The author should make up their mind whether they're comparing programming
languages or more high-level design decisions (should functionality deserve
its own executable, etc). In the current form, I can't see a strong point made
regarding either of these questions.

------
keithnz
"I beat C.... by running a different race, and the outcome of the race was
determined by my opinion of who the winner is based on no particular specified
measure but the way I ran the race was pretty cool, so it must be better!
anyways the race was pretty pointless in the first place, anyways, I won"

Ok. Not the best article. I'm sure there was a better point to be made

------
missblit
One thing both this article and the last one did was conflate their system's
built in WC program with the C programming language.
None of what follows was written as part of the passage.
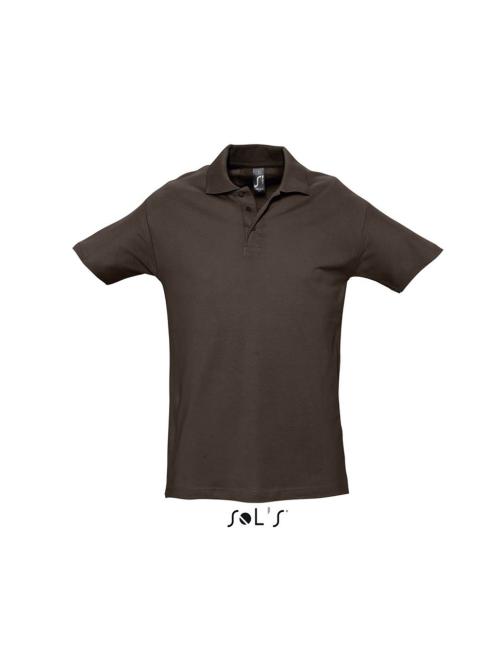 SPRING II - MEN’S PIQUE POLO SHIRT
They also compared a bare-bones wc program that only needs to care about the
happy path versus one that needs to be fully featured and flexible (e.g.
handling unicode with the -m flag, etc.)

But with this approach it's also trivial to beat C with, well, C. (Actually I
cheated a bit and used C++, but same idea. Got roughly 10x speedup in WSL on
windows with a naive approach).

------
kjgkjhfkjf
There's very little technical substance to this article, and I found the tone
of it peculiar and off-putting.

------
eloff
Let's not forget that the occasions where Lisp is faster than C are the
exception and not the rule. If it were otherwise, the article would be titled
"Beating Lisp with C".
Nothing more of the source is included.